[Your objective] In the entries that follow, the line with "Nike Jordan 1" opens the range and the line with "Ferieleilighet - 4" closes it; repeat that range exactly, both lines included.
** Extracted records follows **
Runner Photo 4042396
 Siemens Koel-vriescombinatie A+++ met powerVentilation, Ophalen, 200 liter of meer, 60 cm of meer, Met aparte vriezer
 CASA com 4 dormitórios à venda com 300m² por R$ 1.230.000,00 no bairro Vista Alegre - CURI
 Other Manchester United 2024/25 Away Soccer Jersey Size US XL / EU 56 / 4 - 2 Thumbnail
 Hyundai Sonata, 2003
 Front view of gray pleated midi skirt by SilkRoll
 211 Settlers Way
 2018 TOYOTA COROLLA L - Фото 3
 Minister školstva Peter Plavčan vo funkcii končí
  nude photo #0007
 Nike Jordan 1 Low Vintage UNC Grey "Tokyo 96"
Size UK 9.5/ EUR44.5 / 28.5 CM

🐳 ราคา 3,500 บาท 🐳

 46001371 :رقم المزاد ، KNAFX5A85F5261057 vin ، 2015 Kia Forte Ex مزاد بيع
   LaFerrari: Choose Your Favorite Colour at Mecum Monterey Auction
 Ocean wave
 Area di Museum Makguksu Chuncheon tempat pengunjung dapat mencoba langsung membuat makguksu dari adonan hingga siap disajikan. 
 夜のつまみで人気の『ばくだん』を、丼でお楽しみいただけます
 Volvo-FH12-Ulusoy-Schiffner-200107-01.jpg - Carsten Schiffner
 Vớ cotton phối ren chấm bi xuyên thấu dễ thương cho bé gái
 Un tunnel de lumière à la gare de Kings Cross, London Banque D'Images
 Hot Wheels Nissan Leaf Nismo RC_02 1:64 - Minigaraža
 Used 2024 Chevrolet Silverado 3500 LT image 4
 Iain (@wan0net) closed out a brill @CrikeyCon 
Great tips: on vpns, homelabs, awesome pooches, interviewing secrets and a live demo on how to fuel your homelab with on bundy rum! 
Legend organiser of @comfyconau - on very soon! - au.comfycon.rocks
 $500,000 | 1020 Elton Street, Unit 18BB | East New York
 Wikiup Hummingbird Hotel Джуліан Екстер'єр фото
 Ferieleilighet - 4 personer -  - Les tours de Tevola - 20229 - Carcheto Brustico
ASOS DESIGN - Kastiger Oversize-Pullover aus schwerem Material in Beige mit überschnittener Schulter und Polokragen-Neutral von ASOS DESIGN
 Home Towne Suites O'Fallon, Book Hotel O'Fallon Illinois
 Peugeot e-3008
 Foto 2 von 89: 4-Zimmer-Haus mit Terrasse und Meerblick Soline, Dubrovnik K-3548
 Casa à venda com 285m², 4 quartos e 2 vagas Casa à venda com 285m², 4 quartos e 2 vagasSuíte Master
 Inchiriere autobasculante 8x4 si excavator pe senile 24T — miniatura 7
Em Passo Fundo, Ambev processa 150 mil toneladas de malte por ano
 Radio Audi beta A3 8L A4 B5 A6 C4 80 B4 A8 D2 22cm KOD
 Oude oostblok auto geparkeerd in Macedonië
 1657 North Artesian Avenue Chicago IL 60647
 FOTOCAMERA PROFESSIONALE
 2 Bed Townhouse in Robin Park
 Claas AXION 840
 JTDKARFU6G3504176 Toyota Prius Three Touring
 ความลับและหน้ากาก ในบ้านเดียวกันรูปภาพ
** End of Extracted records **
[Your solution]
 Nike Jordan 1 Low Vintage UNC Grey "Tokyo 96"
Size UK 9.5/ EUR44.5 / 28.5 CM

🐳 ราคา 3,500 บาท 🐳

 46001371 :رقم المزاد ، KNAFX5A85F5261057 vin ، 2015 Kia Forte Ex مزاد بيع
   LaFerrari: Choose Your Favorite Colour at Mecum Monterey Auction
 Ocean wave
 Area di Museum Makguksu Chuncheon tempat pengunjung dapat mencoba langsung membuat makguksu dari adonan hingga siap disajikan. 
 夜のつまみで人気の『ばくだん』を、丼でお楽しみいただけます
 Volvo-FH12-Ulusoy-Schiffner-200107-01.jpg - Carsten Schiffner
 Vớ cotton phối ren chấm bi xuyên thấu dễ thương cho bé gái
 Un tunnel de lumière à la gare de Kings Cross, London Banque D'Images
 Hot Wheels Nissan Leaf Nismo RC_02 1:64 - Minigaraža
 Used 2024 Chevrolet Silverado 3500 LT image 4
 Iain (@wan0net) closed out a brill @CrikeyCon 
Great tips: on vpns, homelabs, awesome pooches, interviewing secrets and a live demo on how to fuel your homelab with on bundy rum! 
Legend organiser of @comfyconau - on very soon! - au.comfycon.rocks
 $500,000 | 1020 Elton Street, Unit 18BB | East New York
 Wikiup Hummingbird Hotel Джуліан Екстер'єр фото
 Ferieleilighet - 4 personer -  - Les tours de Tevola - 20229 - Carcheto Brustico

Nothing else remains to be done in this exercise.